When I decided it was time to stop walking laptops around the house to test wireless products, I knew we had to move to anechoic RF chambers to automate the process. But simply throwing a test laptop in one box and the router under test into another and connecting them via programmable attenuators wasn't enough.
The problem is that today's MIMO-based Wi-Fi products—802.11n and the upcoming 11ac—rely on bouncing their signals off various surfaces during their travels. These reflections slightly delay the arrival of signals from the multiple radios and create the multipath that is essential for MIMO to work.
With signals traveling inside reflectionless (anechoic) R.F. sealed boxes and via shielded cables, there would be no reflections and no multipath. So measurements taken with such a setup would be far removed from real-life performance.
Fortunately, I knew who to take the problem to. octoScope was launched a few years ago by Fanny Mlinarsky, who was also a founder of Azimuth Systems. I also know Fanny from my previous life in the automatic test industry.
Long time readers may remember Azimuth loaned us its channel emulator and RF enclosures for a relatively brief experiment with closed-chamber testing back in 2007.
Fanny had approached me a few years back when octoScope launched its original octoBox anechoic RF test station. So when I started to think about closed chamber testing, I knew where to turn. Since our original discussion, octoScope had introduced its smaller octoBox Stackable enclosures, which were both the right size and right price for what I needed.
As we talked about the testing requirements, it became clear that some sort of multipath generator was needed, but it had to be much less expensive than the digitally-based MIMO channel emulators available from Azimuth and others.
After some brainstorming, octoScope proposed an analog multipath emulator that looked like it would meet our needs.

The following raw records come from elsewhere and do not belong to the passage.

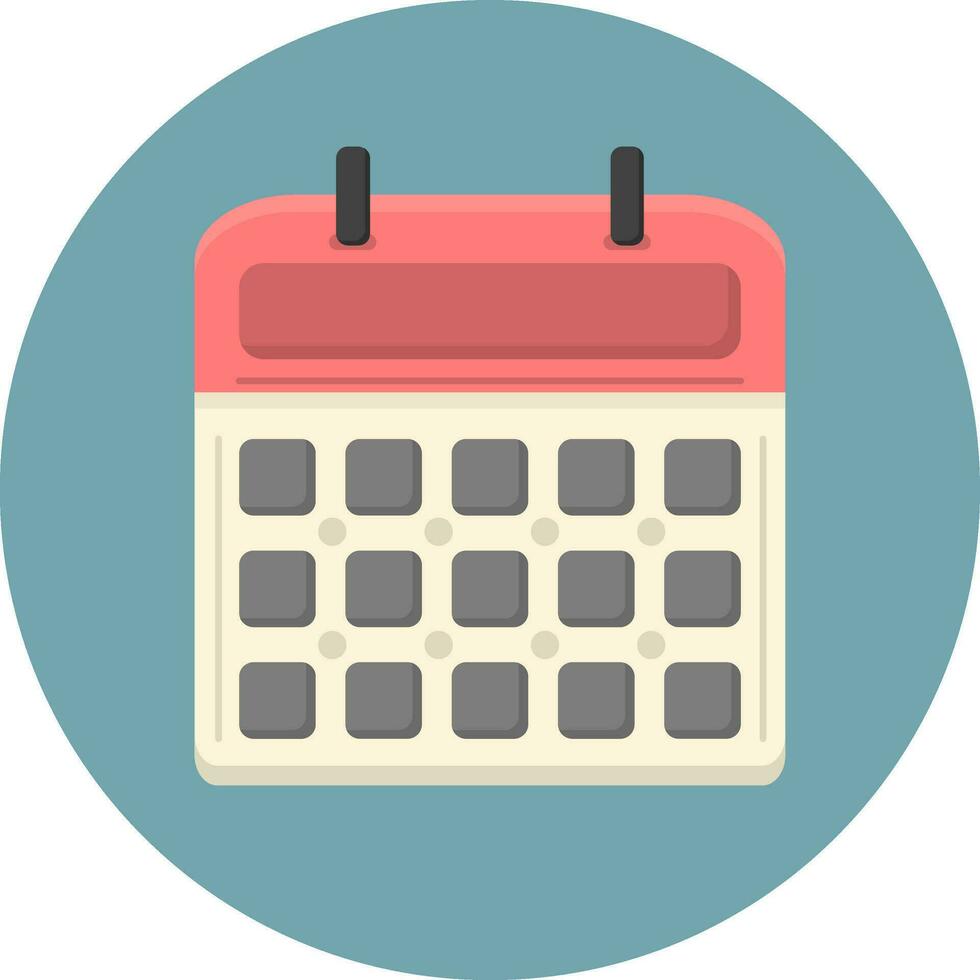 Vector calendar in cartoon, flat style on a round blue background.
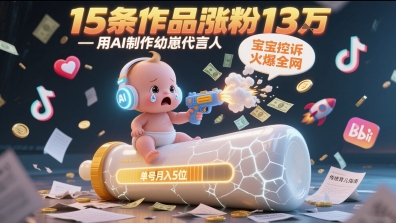 用AI制作幼崽代言人，宝宝的控诉火爆全网，15条作品涨粉13W，单号月入5位数实操教程-中创项目网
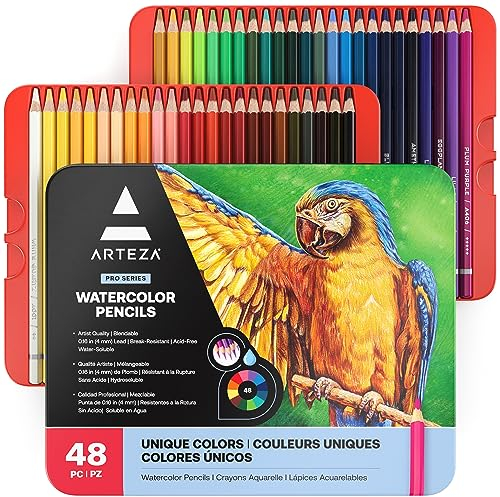 ARTEZA Watercolor Pencils Set of 48 Water-Soluble Colored Pencils for Blending, Layering, Painting, Lightfast Pigments with Soft Cores in Tin Case, Art Supplies for Adults, Artists, Holiday Gift Set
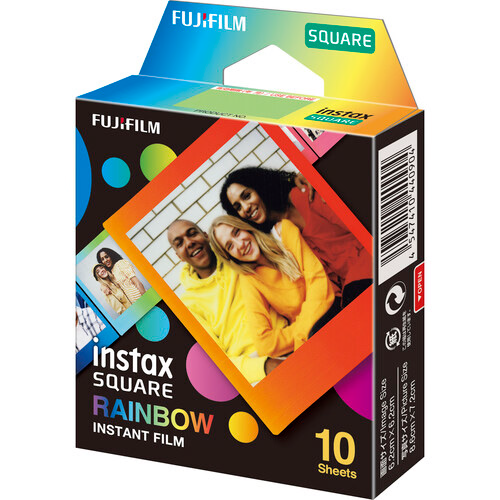 FUJIFILM Instax Square Black Instant Film, 10 Pack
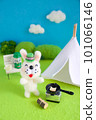 Wool felt rabbit camping 101066146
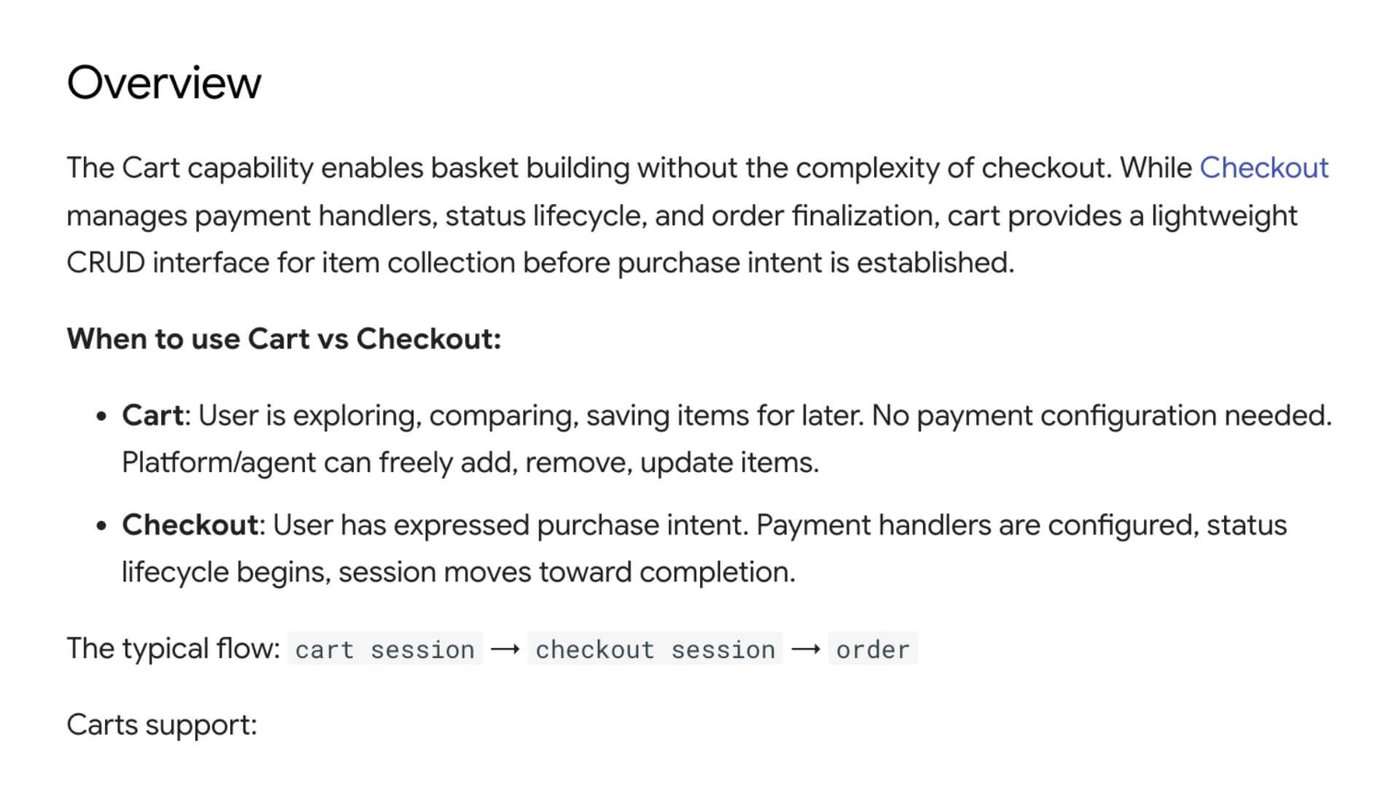 Google UCP cart and catalog update
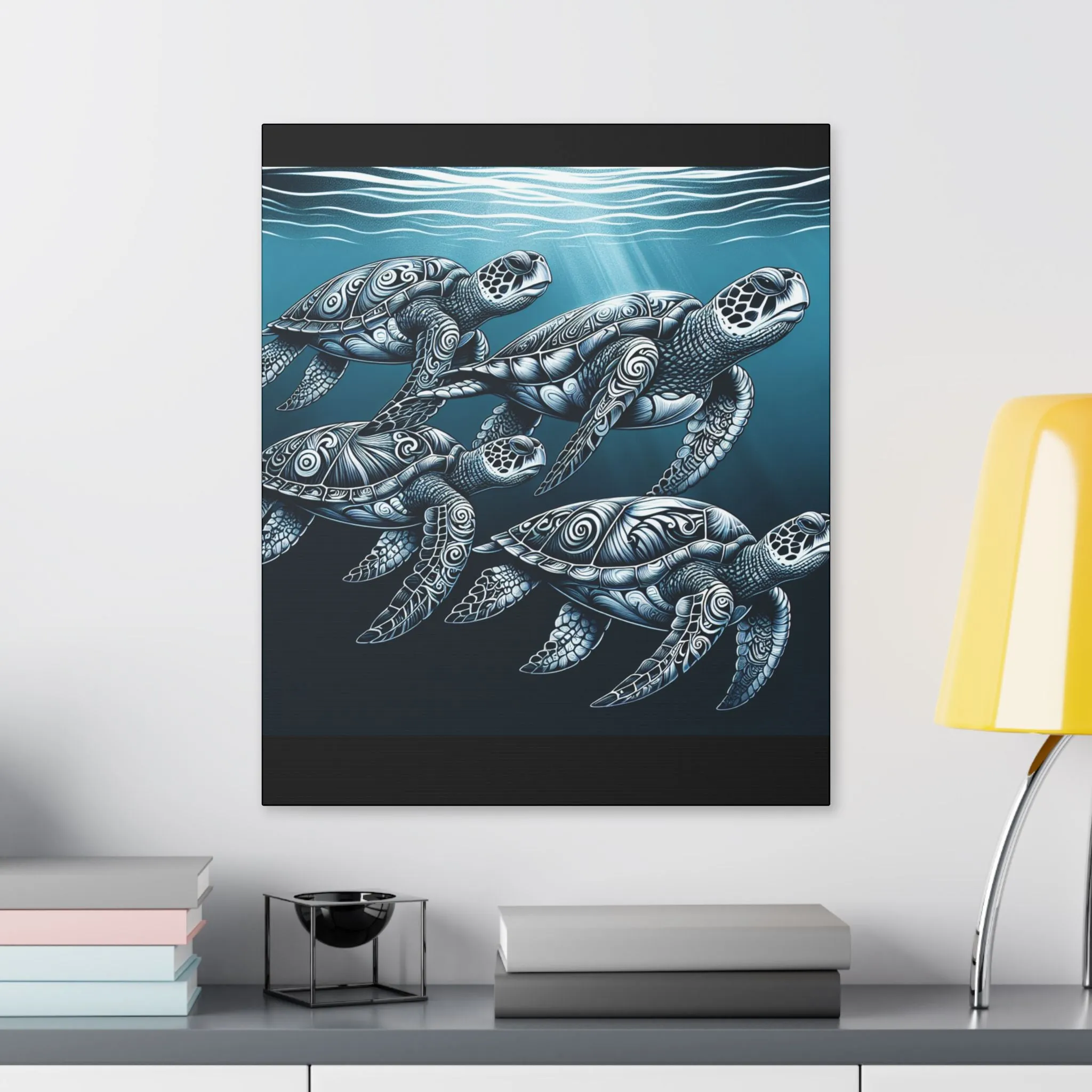 Ocean Turtle Stretched Canvas Art - Nautical Décor for Marine Life Lovers
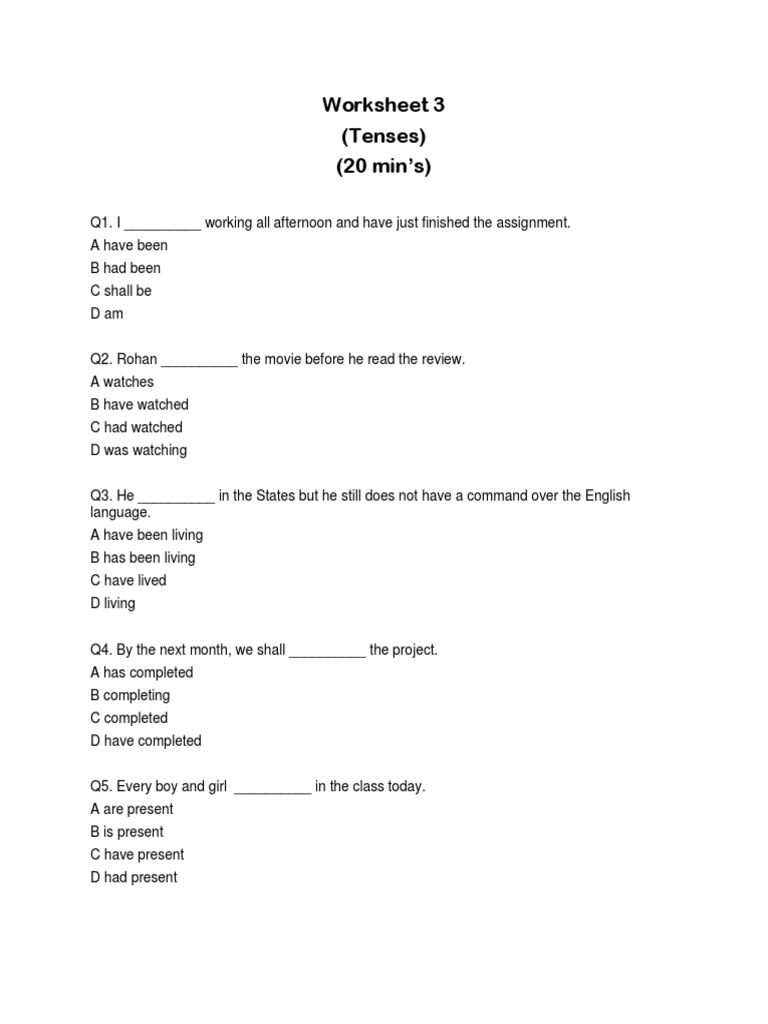 Tenses Worksheet PDF Grammatical Tense Language Mechanics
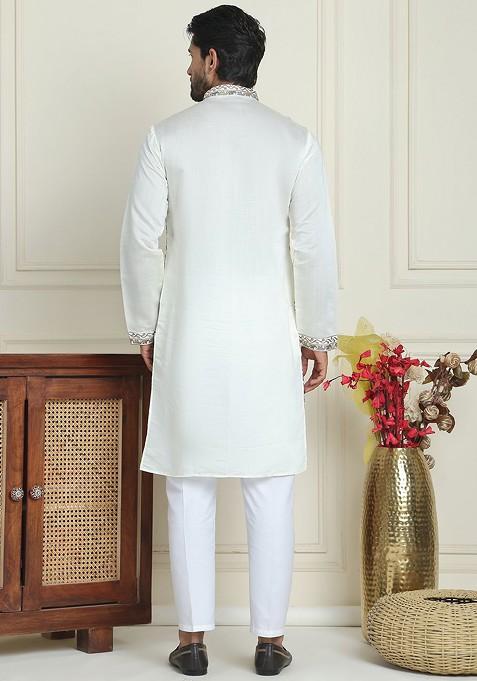 White Embroidered Poly Blend Kurta Set For Men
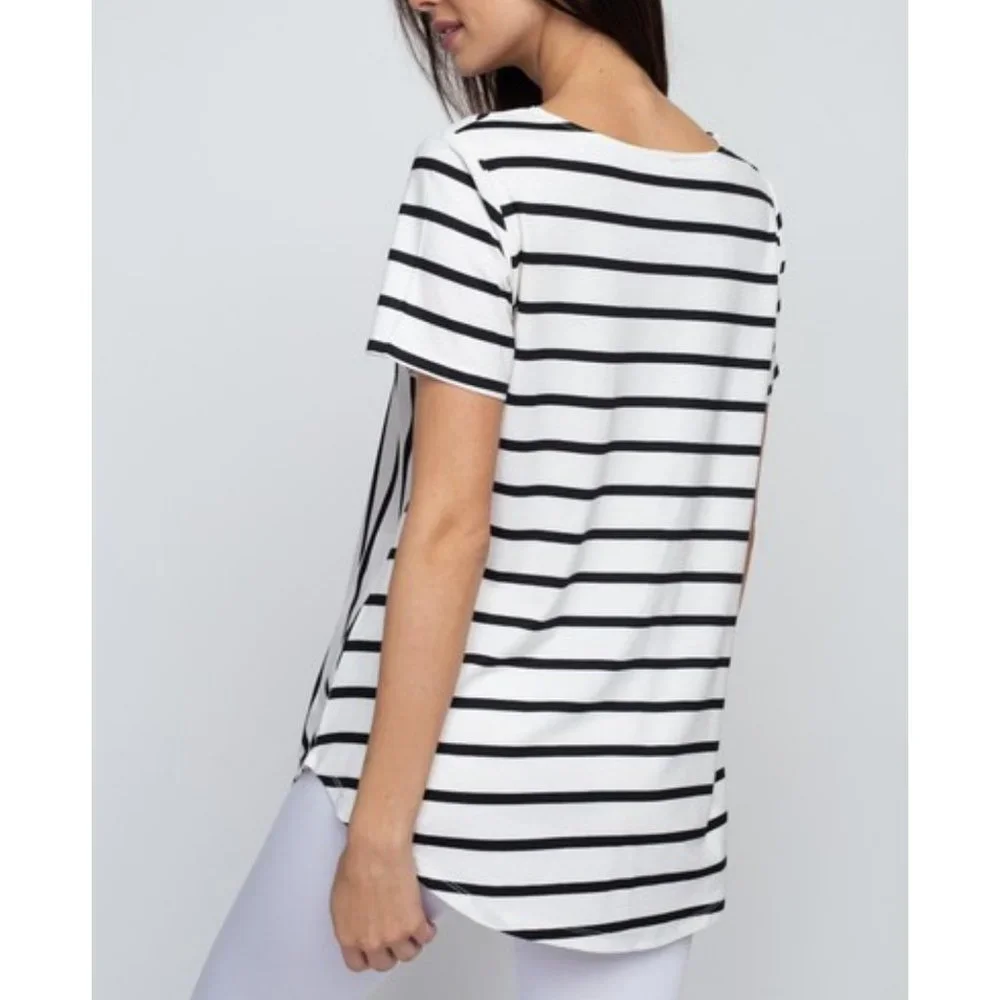 YELETE Women's Short Sleeve Striped Tunic. Fresh, Flattering, NWOT. Sizes S-XL - Picture 3 of 4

The patents pending octoBox MultiPath Emulator (MPE) generates reflections using cable stubs that create multipath closely approaching the IEEE 802.11n/ac Model B, which is intended to emulate home and small office environments. The octoBox-MPE can be configured to support up to 4x4 MIMO. This octoScope whitepaper has more technical details about the MPE's design.
We tested a prototype of the MPE last November and took delivery of the first production model and two octoBox Stackable enclosures at the end of March. Here a shot of what the whole shebang looks like.
New SmallNetBuilder Wireless Testbed
The new SNB Wi-Fi testbed uses two dedicated computers running Windows 7, with everything connected as shown in the diagram below. As in our previous wireless test methods, the new process also uses Ixia's IxChariot to generate and measure wireless throughput. The latest version of IxChariot also allows us to measure RSSI during uplink tests.
octoBox based WLAN Testbed block diagram
In the testbed, one computer is a Win 7 laptop (Intel U7300 @ 1.3 GHz) that runs the IxChariot console and one of the test endpoints. This is connected to the router or access point under test that sits in the upper cabinet. The signals from the router under test are picked up by three omnidirectional unity-gain 2.4 / 5 GHz dual-band antennas, shown in the photo below.
Router under test inside the upper test chamber
The three antennas are connected to three Vaunix LDA-602 Lab Brick programmable attenuators that are used to adjust signal level to simulate distance. The attenuators can be seen in the first photo above, mounted on the side of the upper test chamber. The outputs of these attenuators are connected to a set of connectors on the octoBox MPE, which sits between the upper and lower stackable octoBox chambers. The other set of connectors on the MPE connect directly to the lower test chamber, which holds the standard wireless test client (STA).
Standard test client in the lower test chamber
The test client shown in the photo above is another Win 7 computer (Core i5-2400 @ 3.1 GHz) that runs another IxChariot endpoint and is home for an ASUS PCE-66U AC1750 PCIe adapter shown below. The adapter is directly cabled to the MPE. This was necessary to ensure high enough signal levels in both 2.4 and 5 GHz so that maximum link rates could be reached.
The RF path loss is actually low enough in the 2.4 GHz band so that we could have used antenna coupling in both chambers. But higher path loss in the 5 GHz band meant we needed to take the antennas out of the path in the STA test chamber.
ASUS PCE-AC66 Dual-Band Wireless-AC1750 Adapter
The ASUS adapter was chosen because it is the only adapter available that supports the maximum 1300 Mbps link rate for 3X3 draft 802.11ac and all the 802.11a and n link rates. It also supports 2.4 GHz 802.11b/g/n link rates up to 450 Mbps. Given that we will be living with this adapter for the next few years or so as our new test standard, we reached out to both Broadcom and Qualcomm Atheros to see if there were any alternatives before we chose the ASUS and found none.
The new testbed will allow us to perform more testing in less time than the old method. It will also enable more detailed performance analysis such as shown in the composite plot below.
Example data from the new testbed
The specifics of the new wireless test procedures are in development and will be finished soon. When the procedures are completed, we'll be able to test more wireless products than ever before to ensure that SmallNetBuilder remains your best resource for wireless router research and selection.